§ **What to work on**:
Pictures in the listing do not belong in the copy, which should repeat exactly the lines from the one holding "Condo in Sunny" through the last line.

§ **Information supplied**:

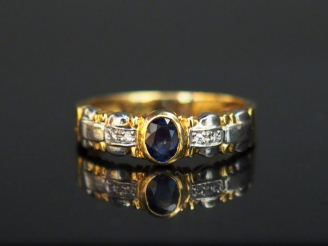 Vente aux enchères Bague en or et saphir. Poids tel : 3 g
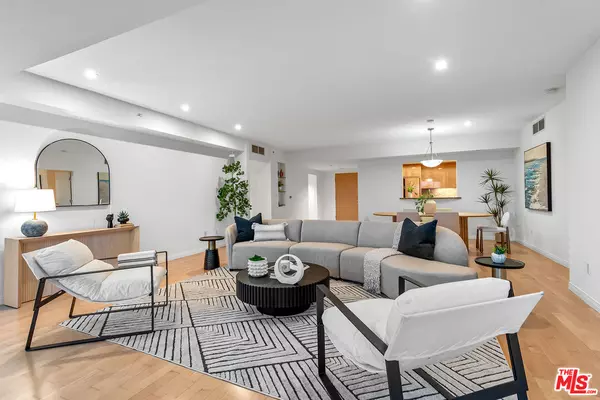 Marina Del Rey, CA 90292,13600 Marina Pointe Dr #905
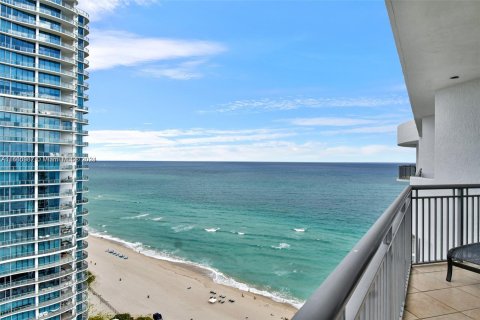 Condo in Sunny Isles Beach, Florida, 1 bedroom  № 1381570 - photo 2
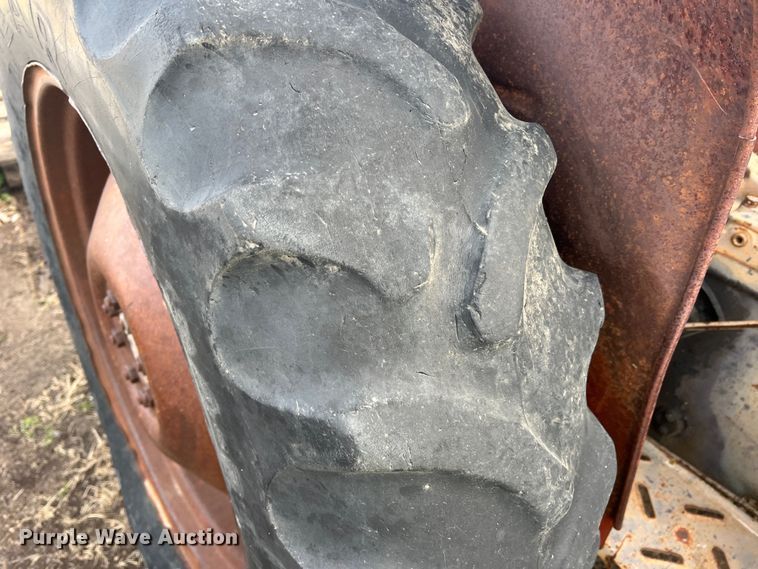 image for item DP0039 1983 Massey Ferguson 240  tractor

§ **Output for this task**:
 Condo in Sunny Isles Beach, Florida, 1 bedroom  № 1381570 - photo 2
 image for item DP0039 1983 Massey Ferguson 240  tractor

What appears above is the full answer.